Varicose eczema is a reaction of the skin to the damage caused by faulty leg veins. Varicose eczema can lead to a leg ulcer but it is not urgent and the ulcer if it does occur develops slowly. Neither antibiotics or blood thinning medication is required for people with varicose eczema.

The only way to accurately diagnose these three conditions is by a duplex ultrasound scan.


Phlebitis is commonly misdiagnosed and more importantly it is very often mistreated.

Essential facts about phlebitis of the Leg Veins:

  1. Phlebitis is not caused by an infection and antibiotics are not necessary. Recent reviews in the medical literature suggest that antibiotics are frequently prescribed for phlebitis. Not only is this ineffective, but it costs our healthcare system and it may contribute to antibiotic resistance. 
  2. Phlebitis most commonly affects the leg veins and it causes swelling, tenderness and redness along the vein. Less common sites include the arm and the chest.
  3. The diagnosis requires a duplex ultrasound scan. Conditions such as cellulitis can mimic phlebitis so confirming the correct diagnosis with a duplex ultrasound scan is essential and it ensures you get the right treatment.
  4. The fundamental problem causing the inflammation in the vein is clot formation which can spread to the deep veins causing a deep vein thrombosis and pulmonary embolism. Many experts suggest that the term phlebitis should be replaced by the term superficial venous thrombosis. This term more accurately describes the potential for DVT.
  5. The duplex ultrasound scan should not only check the area that is painful, but both legs should be examined for a possible deep vein thrombosis. When someone has phlebitis, they can be in a so-called hypercoagulable state in which the blood is sticky. That means that clots can develop elsewhere in the body, including in the deep veins of the other leg as well.
  6. Phlebitis in varicose veins often recurs and people with varicose veins and phlebitis should have treatment to deal with their varicose veins.
  7. Phlebitis in the absence of any varicose veins is a particularly serious condition.

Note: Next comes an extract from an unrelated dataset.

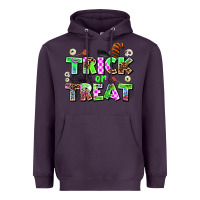Plum trıck or treat Heavyweight Hoodie - AdoDesignShop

Some people with this condition have an unsuspected malignancy and so careful screening is needed to ensure they have cancer treatment as soon as possible. 

Guidelines from both  America and the UK,  indicate that phlebitis in the veins in the legs can give rise to clots that travel to the lungs. These clots are called Pulmonary Emboli (PE’s) and they can be life threatening. The guidelines differ a little but in general, if the phlebitis is longer than 5 cm or within 3-5 cm of a deep vein, anticoagulation is advised.

Most patients with phlebitis are not at risk of PE’s. However without a duplex scan, it is impossible to tell which patients with Phlebitis are at risk and which patients are not.